Bug #36317
fallocate implementation on the kernel cephfs client
0%
Description
I remember seeing a comment somewhere (mailing list?) about this but couldn't find any reference to the issue so I decided to open a bug.
The problem: fallocate doesn't seem to be doing what it's supposed to do. I haven't been able to spend time looking at the code to understand the details, but here's a summary of the issue, on a very small test cluster:
node5:~ # df -Th /mnt Filesystem Type Size Used Avail Use% Mounted on 192.168.122.101:/ ceph 14G 228M 14G 2% /mnt
So, I have ~14G available and fallocate a big file:
node5:/mnt # xfs_io -f -c "falloc 0 1T" hugefile node5:/mnt # ls -lh total 1.0T -rw------- 1 root root 1.0T Oct 4 14:17 hugefile drwxr-xr-x 2 root root 6 Oct 4 14:17 mydir
I would expect this to fail, and it looks like the available space hasn't changed.
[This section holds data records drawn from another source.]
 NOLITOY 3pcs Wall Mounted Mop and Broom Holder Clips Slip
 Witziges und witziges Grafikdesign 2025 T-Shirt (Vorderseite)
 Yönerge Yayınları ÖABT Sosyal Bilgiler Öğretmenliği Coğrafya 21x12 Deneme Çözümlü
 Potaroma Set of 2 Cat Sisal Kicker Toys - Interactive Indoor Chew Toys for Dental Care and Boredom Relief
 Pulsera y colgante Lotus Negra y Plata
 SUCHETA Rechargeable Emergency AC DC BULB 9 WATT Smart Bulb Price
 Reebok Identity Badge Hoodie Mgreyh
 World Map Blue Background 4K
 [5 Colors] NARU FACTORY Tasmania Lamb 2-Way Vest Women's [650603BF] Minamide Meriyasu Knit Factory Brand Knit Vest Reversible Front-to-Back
node5:/mnt # df -Th /mnt Filesystem Type Size Used Avail Use% Mounted on 192.168.122.101:/ ceph 14G 228M 14G 2% /mnt
Anyway, a successful call to fallocate(2) should mean that "subsequent writes into the range specified by offset and len are guaranteed not to fail because of lack of disk space". Which isn't going to be the case in the above example.
I guess that a fix for this would require a CEPH_MSG_STATFS to the monitors to get the actual free space. But as I said, I haven't spent too much time looking at the problem.
History
#1 Updated by Xiaoxi Chen over 5 years ago
well but as cephfs potentially share same hardware with other pools, not sure how can this kind of reservation can happen unless we zeroed the range
#2 Updated by Zheng Yan over 5 years ago
- Assignee set to Zheng Yan
#3 Updated by Patrick Donnelly over 5 years ago
I think the way forward is to only support punch hole in fallocate for kcephfs. Same for ceph-fuse.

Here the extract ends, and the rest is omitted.